Well when your jeep goes up or down do to offroading or the driveshaft tends to "stretch" since this isn't possible due to it being made of metal the slip yoke allows a section of your driveshaft to slide or SLIP. when you lift your jeep and don't do a tcase drop your driveshaft will pull out some (and be at an awkward angle causing dlvibes) if you do too high of a lift the SY can actually slip off causing your tires to stay stationary since the drive line is no longer connected to the tcase. As mentioned before a tcase drop kit will usually do the trick, however a sye although more expensive is the better route to go about this. Hope that helped you out
05-10-2013 06:43 PM
khall7 thank you for the legit answer goldensahara.

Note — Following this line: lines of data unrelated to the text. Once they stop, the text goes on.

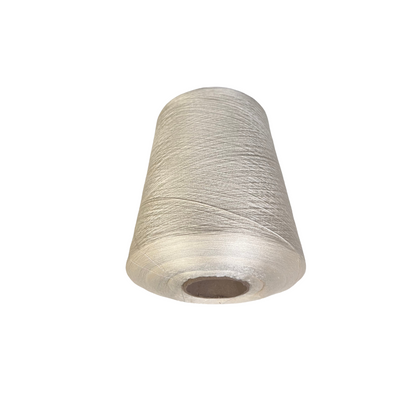 Spool of white thread on a white background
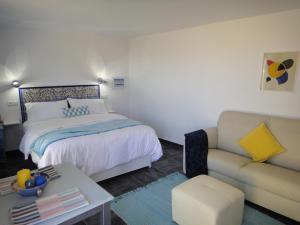 1 dormitorio con 1 cama y 1 sofá en Casa Oasis, en Álora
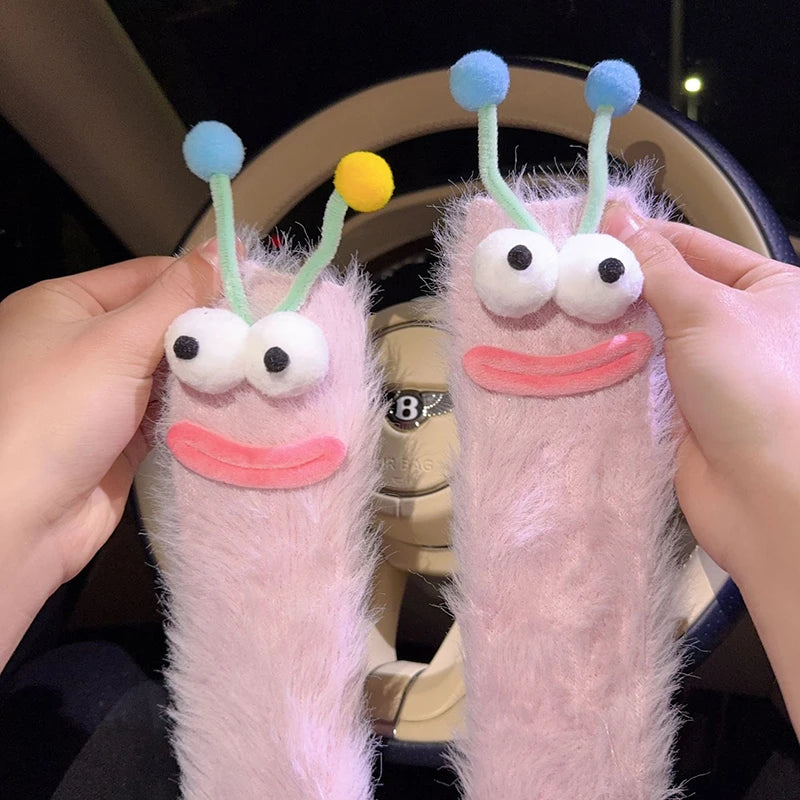 Pair of pink knit socks shaped like cartoon faces with blue and yellow ears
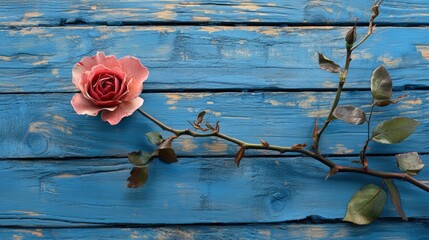 Delicate rose and love ornament on a weathered blue wooden background, ideal for romantic themes and customizable text space.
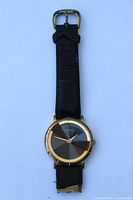 Full view of Fossil PC-7304 wristwatch front showing case, dial, strap condition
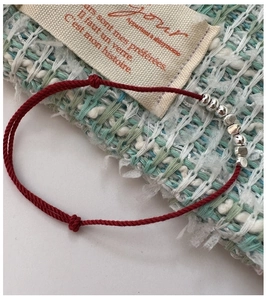 Detailed close-up of s925 silver beads on a braided red rope bracelet with adjustable knot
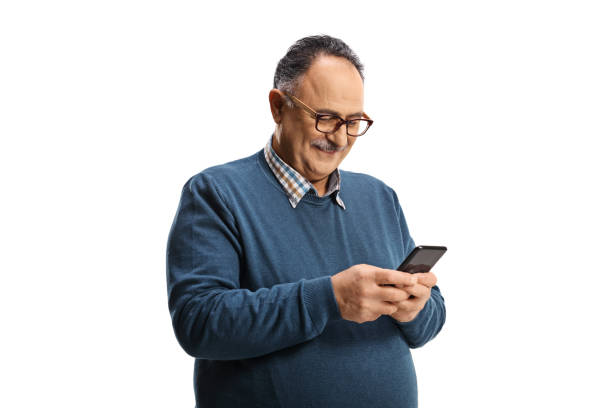istock Smiling mature man typing on a mobile phone 1310077290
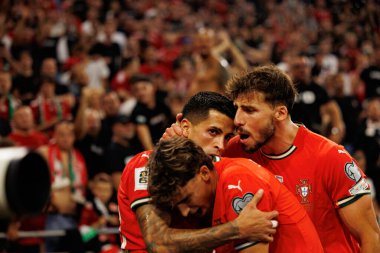 Joao Cancelo, Joao Felix and Ruben Dias  seen celebrating after scoring goal during World Cup 2026 European qualification game between national teams of Hungary and Poland (Maciej Rogowski/ Ball Raw Images)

How does that benefit my jeep?
05-10-2013 06:41 PM
Jeeping it real I don't think suggesting google or the forum search bar would be considered a "low quality" answer. An answer "lacking detail", possibly. Kudos to you though, haha.
05-10-2013 06:32 PM
GoldenSahara00 Real high quality answer up there. I think you spent more time typing that worthless response than it actually takes to answer.

khall7:

A SYE replaces the slip yoke on the t case, which allows the drive shaft to slide back and forth, with a fixed yoke that a U joint would bolt into. The SYE is coupled with a new style shaft, often called a CV shaft, which is technically a DC or double cardan shaft, which has a slip point built into the shaft itself.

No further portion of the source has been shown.